Our fifth issue is Funding. We explore why most entrepreneurs shouldn't raise VC, critique the strategies we use to hire engineers, and find out new ways to fund conference speaking and attendance. We cover networking for capital, funding geek feminist activism, and the ethics of for-profit social platforms and how they're used. Plus, a Q&A on women angel investors, news on how you can help fight evictions, and five positive things happening in VC today.
Previously on Model View Culture...
Our fourth issue is Mythology. We explore how startup culture fetishizes founders and male programmers, and discuss the role of early operations employees in tech companies. We deconstruct IT tropes and fallacies of software development, and discover the problem with "Feel Good" stories about marginalized and underrepresented people in tech. Later in the week, we cover tech hubs outside of Silicon Valley, how gendered stereotypes shape our careers, and the first Lesbians Who Tech conference in San Francisco - plus a new art startup, the genealogies of hashtags, unpopular opinions on the internet and more.
This is our third issue, Lean Out. We look at evictions and gentrification in the Bay Area and open source projects to combat them. Learn about the politics of how we define “tech workers,” meet a startup focused on community-based sign language interpreting, and explore the contradictions of Lean In ideology in a sexist society.

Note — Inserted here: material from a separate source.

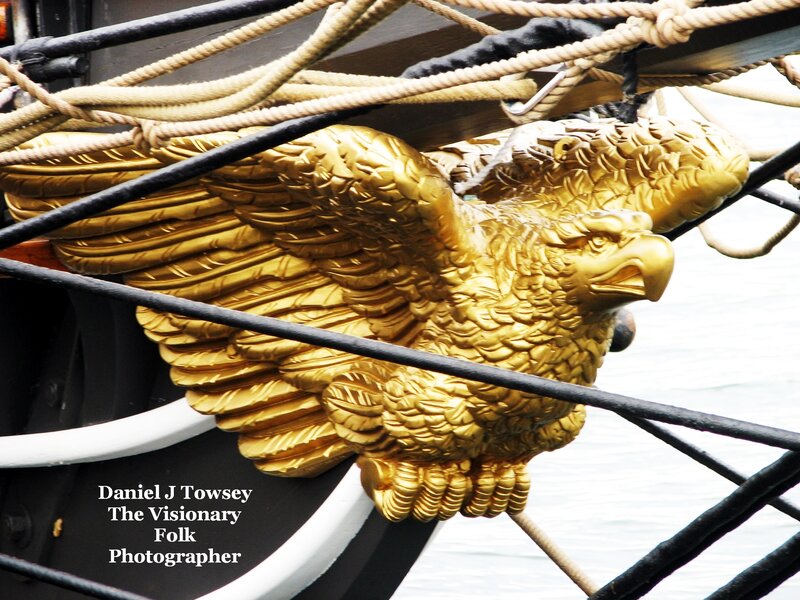 Golden Eagle Sculpture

Later, we hear about quitting STEM, discuss starting companies without venture capital, cover care-giving in the age of quantified self, analyze what’s behind the gendered language debate and consider archetypes of women CEOs.
Welcome to our second issue, Form. In this issue, we interview the Level Playing Field Institute, look at the world of zine-making, explore online gentrification, discuss the politics of digitization and examine interactive art as a methodology of challenging cultural beliefs. We cover hardware hacking and the rise of feminist hackerspaces, Google Glass, hackathons for social change and several works at the intersection of tech and art.

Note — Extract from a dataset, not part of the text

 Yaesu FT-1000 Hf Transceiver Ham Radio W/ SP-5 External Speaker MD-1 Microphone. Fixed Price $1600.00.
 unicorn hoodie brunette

In our first issue, we discuss the connection between Facebook and NSA surveillance, explore network dynamics in London's Tech City, and investigate identity as labor in startup culture. We analyze the search for the next Zuckerberg, challenge monolithic approaches to social justice in tech, and examine the link between online harassment and platform features. Plus, an open letter to marginalized people beginning their careers, Q&A with Ada Developers Academy, a political cartoon about VC funding, and a look at the role of critique in our community.